Se i Terziarii di Ordine religioso

possono avere diversi altri scapolari.

Quinzio parroco, munito di relative facoltà, ammelte a professare in Terz'Ordine Francescano quei che sono insigniti dello scapolare del Carmine e di altri scapolari approvati, ovvero del cordone di S. Francesco di Paola, di S. Tommaso, di S. Giuseppe ecc. Opera bene Quinzio?

Quinzio fa benissimo ad ammettere al Terz'Ordine Francescano gl'insigniti di scapolari o di cordoni bene

detti. In forza del decreto della S. C. delle Indulg. del 31 genn. 1893 (Mon. Eccl. Vol. VIII, Par.
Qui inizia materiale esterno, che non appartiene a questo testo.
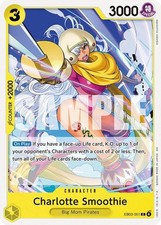 Charlotte Smoothie C Extra Booster: One Piece Heroines Edition EB03-051 NM
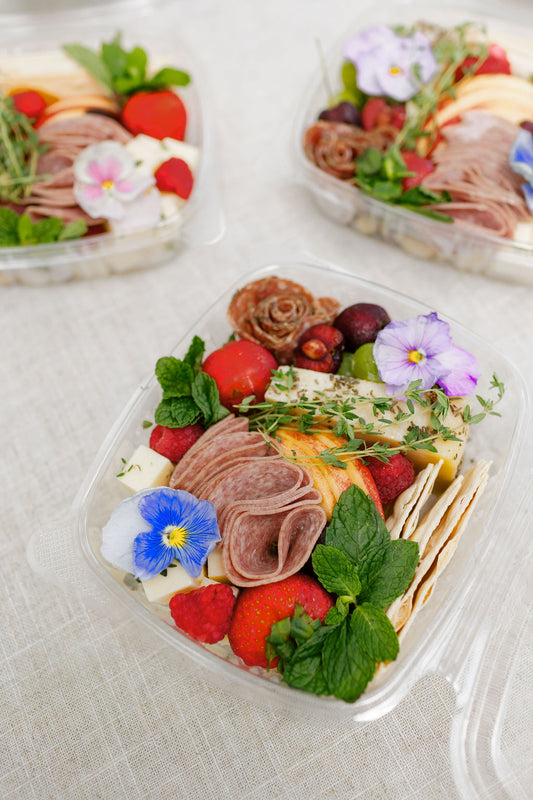Charcuterie Grazing Boxes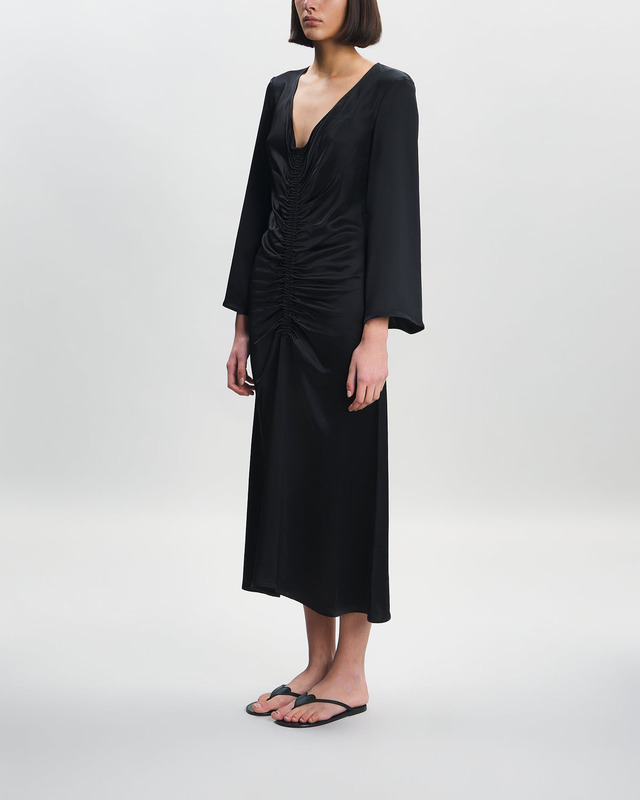 By Malene Birger Dress Lavende WAKAKUU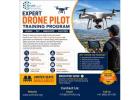 Master Drone Flying with Expert Pilot Training 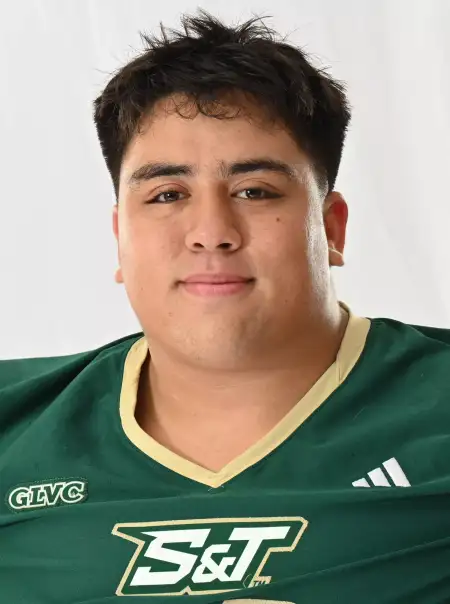 Mana Faagutu, Football, Missouri University of Science and Technology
I pag. 33) è proibito di far parte a più terzi ordini religiosi, e però di accettare, come terziario francescano, chi sia terziario di ordine diverso, senza giusta ragione, e con intento di continuare nella prima aggregazione. Ciò però non ha luogo, trattandosi di scapolari e di cordoni. Nè gli uni nè gli altri costituiscono un terz'ordine religioso; e però, come non è vietato di avere più e diversi scapolari, e più e diversi cordoni, così non è vietato che avendo sì gli uni come gli altri, possa uno essere aggregato ad un terz'ordine religioso.

69.

Che cosa possa pretendere il coniuge superstite quando non gli si dà la legittima in usufrutto, ma in proprietà.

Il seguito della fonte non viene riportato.